Mit prognostizierten 27 Prozent und der Hochrechnung auf das Endergebnis kurz vor Mitternacht von 25,5 Prozent liegen die Freiheitlichen am Ende zwar nur mehr knapp vor der ÖVP und unter ihrem Rekordergebnis bei der EU-Wahl 1996 (27 Prozent), dennoch gelingt ihnen ein historischer Wahlsieg. Und damit der Probelauf für die Nationalratswahl im Herbst. Für das Plus von mehr als acht Prozent wird neben dem Einsatz von Spitzenkandidat Harald Vilimsky aber vor allem die „konsequente“ Führung von Parteichef Herbert Kickl verantwortlich gemacht. Seit die Partei in landesweiten Umfragen konstant führt, wird interne Kritik nicht einmal mehr unter Zusicherung absoluter Verschwiegenheit geäußert.

„Watschn für die Regierung ohne Konsequenzen“

Die Fokussierung auf einige wenige Ansagen und Versprechungen im EU-Wahlkampf, die auch der Hinweis auf mangelnde Durchführbarkeit in der Praxis nicht entzaubern konnte, machte sich offenbar bezahlt. Auch Brüssel-Routinier Vilimsky konnte im Wahlkampf mit angriffigen Auftritten und scharfer Kritik an seiner angetretenen Konkurrenz punkten, Schnitzer oder Skandale leistete er sich keine.
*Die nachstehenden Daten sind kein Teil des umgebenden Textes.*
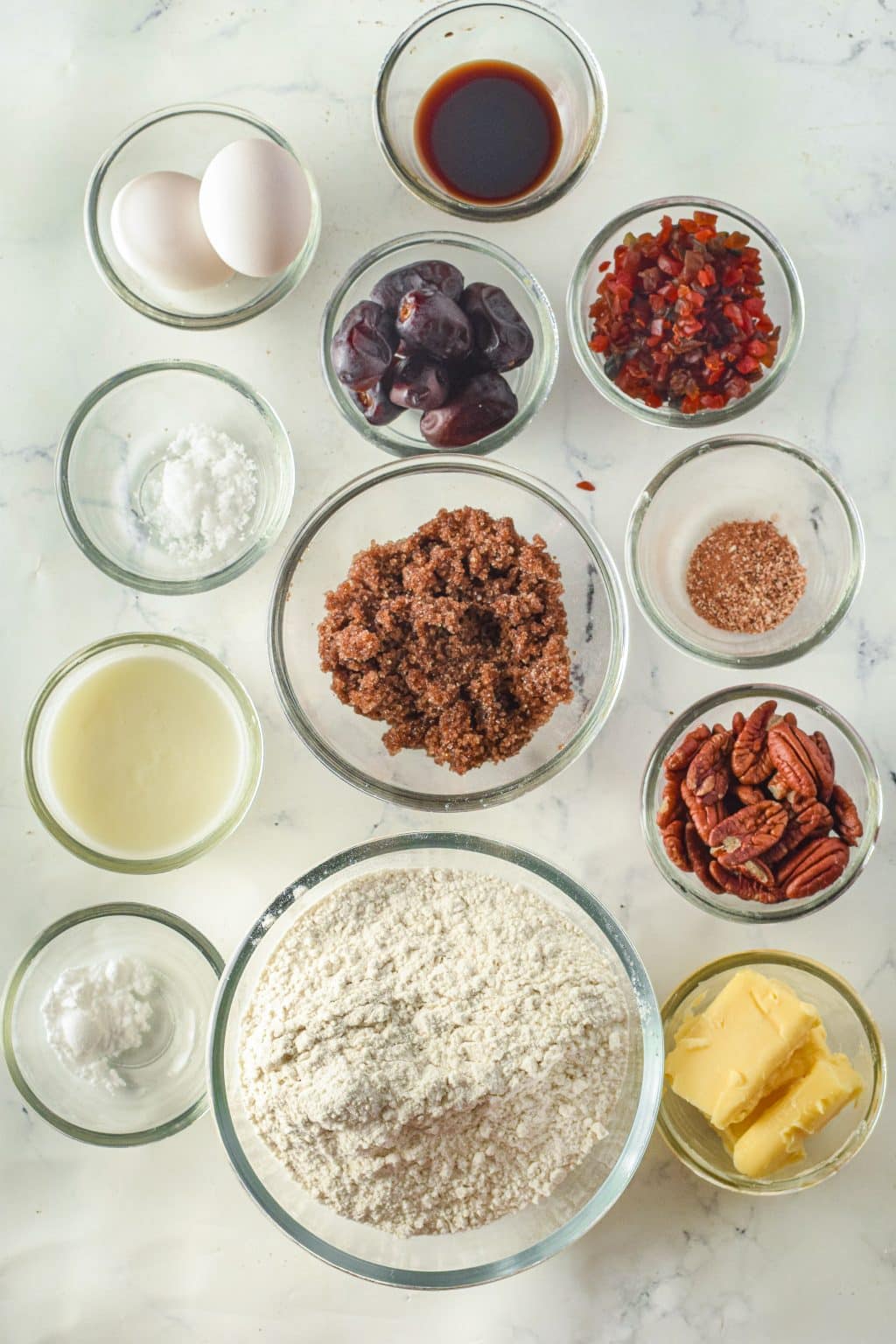 Fruitcake Drop Cookies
Die Rolle des ausgegrenzten Kämpfers für das Volk abseits der „Polit-Elite“ war von Kickl in den letzten Jahren perfektioniert und im Wahlkampf auch von Vilimsky internalisiert worden.

Dass die den Wahlkampf dominierenden Herren allein für den Sieg der Freiheitlichen verantwortlich sind, glaubt einer der anwesenden Blau-Wähler, der sich am vor dem gemieteten Lokal aufgebauten Buffet gerade zwischen Gulasch und Würstel entscheidet, nicht. „Das war jetzt praktisch die erste Protestwahl, wo man der Regierung ohne große Konsequenzen eine Watschn geben hat können“. Ganz anders sieht das ein Funktionär in der Schlange hinter ihm. „Das Ergebnis vom Harald ist super und dabei ist das gar nicht unsere Wahl“.
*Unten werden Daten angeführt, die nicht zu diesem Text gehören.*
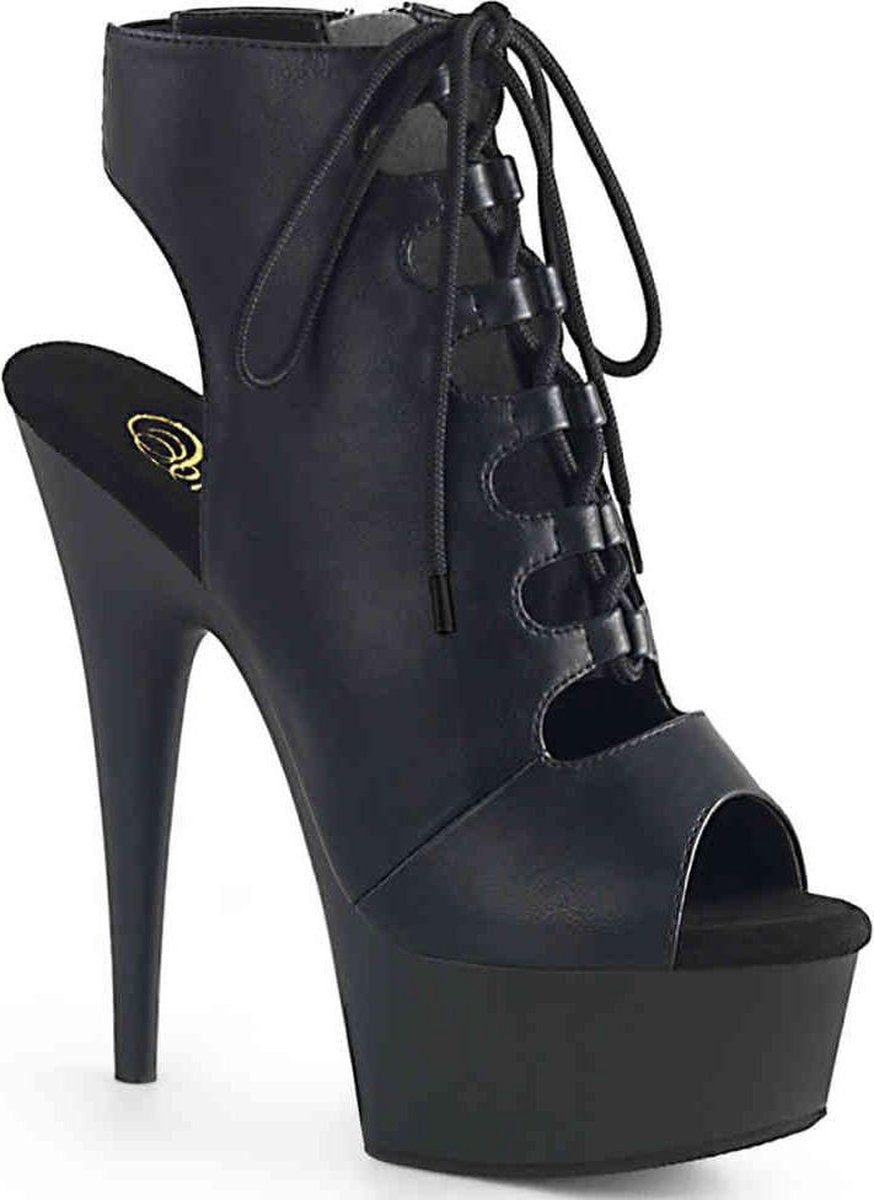 DELIGHT-600-20 (EU 37 = US 7) 6 Heel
Wahlsieg als „Etappenziel“

Die eigenen Wählerinnen und Wähler gelten für EU-Wahlen seit jeher als schwer mobilisierbar. Dass es diesmal gelungen ist, wird intern als Erfolg verbucht. Der ein oder andere Parteistratege freut sich dabei vor allem über das knappe Ergebnis zur ÖVP, um mit der Inszenierung eines Kopf-an-Kopf-Rennens mit ÖVP oder SPÖ auf Platz zwei die eigenen Funktionäre zum unermüdlichen Einsatz für den Wahlkampf zu motivieren. „Denn dann geht's ja wirklich um was.“ FPÖ-Generalsekretär Michael Schnedlitz bemühte dazu einen Fußballvergleich: „Heute war das Freundschaftsspiel“.
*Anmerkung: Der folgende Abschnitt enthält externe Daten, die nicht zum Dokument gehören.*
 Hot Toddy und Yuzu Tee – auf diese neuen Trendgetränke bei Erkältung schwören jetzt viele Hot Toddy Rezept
Dass die EU-Wahl nur ein „Etappenziel“ ist, verkündet auch Bergenthusiast Herbert Kickl kurz nach 20 Uhr. Als sich der Parteichef mit Vilimsky, begleitet von ohrenbetäubender Musik, den Weg durch die anwesende Menge Richtung Bühne bahnt, ist vom verhaltenen Jubel des Nachmittags keine Spur mehr. Er sei „demütig und dankbar“ und „sogar ein bisschen gerührt“ angesichts „dieses Auftrags“ und der Bestätigung der eigenen Politik. Nun zünde man „die nächste Stufe und die heißt Bundeskanzleramt“. „Wir stehen tief in deiner Schuld“, sagt Kickl zu Vilimsky, der an diesem Abend das Schlusswort hat: „Heute ist der Tag, wo wir feiern“.